On the poster for the documentary: “Kartika: 9 Ways of Seeing”, the smiley face of a blithe elderly woman pops up from an opened mouth, bringing to mind the screaming face of “The Court Of The Crimson King” cover album. The image is indeed an accurate anticipation of the quasi-lysergic realm we will be led into by watching the film. It is the colourful universe of a real artist queen, Kartika Affandi, whose artwork of a lifetime is irreverent, playful, loud, energetic and even shocking for Indonesian society.

The life and art of the Javanese painter and sculptor, born in 1934, is so extraordinary that it overshadows the fact she is the daughter of Indonesia most acclaimed painter, Affandi. Taught to paint by her father, she had to work hard to be acknowledged for her own personal language and poetics. Still actively painting, sculpting and exhibiting at the age of 83, she keeps on bring her artistic vision to life.

In the documentary “Kartika: 9 Ways of Seeing”, researcher and videomaker Christopher Basile lets Kartika recount her experience and art practice.
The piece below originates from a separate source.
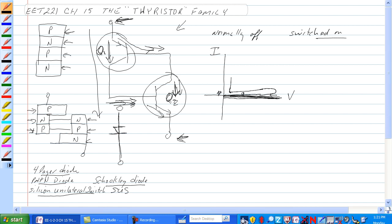We get to a point where the current is almost vertical. The more current possible in the circuit, the more you have. It's pretty close to a vertical line but not quite — we still have some voltage across the device. The more current we have, the more voltage is dropped across the device. But that is not normally how it's used.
We chatted with Basile - whose longstanding interest in SE Asian art has led him to devote 3 years to this project - to learn how Kartika Affandi found the strength to express herself in the face of a society and a time in which this was unprecedented and considered an impossible goal for a woman.

How did you first encounter the work of Kartika Affandi and what were your first impressions?

I first saw Kartika’s paintings years ago in reproduction. What I was impressed with was her consistent vision while portraying a wide range of subject matter. She imbues her work with a particularly personal quality and a special energy that is all her own. Later when I saw her works in person in Yogyakarta in Java I was amazed. As a filmmaker one of the challenges making the film was trying to bring that impact to the screen.

What pushed you to make the documentary?

Mother's Pet

I felt more pulled than pushed. I was in Java for another film project, shooting a short documentary about a local mystic and guru, when I first met Kartika. This was about 9 years ago, and I was so attracted by her warmth, her intelligence, her story-telling. Her grand personality just pulled me in, and we hit it off.  She is a well-known public figure in Indonesia, as the artist-daughter of the country’s most celebrated artist Affandi, and as an outspoken feminist and humanist voice. This said, after 60 years of creating remarkable work she still hasn’t received the recognition she deserves. And nobody had ever made a film with her, so she seemed to me like an exciting subject for a documentary film.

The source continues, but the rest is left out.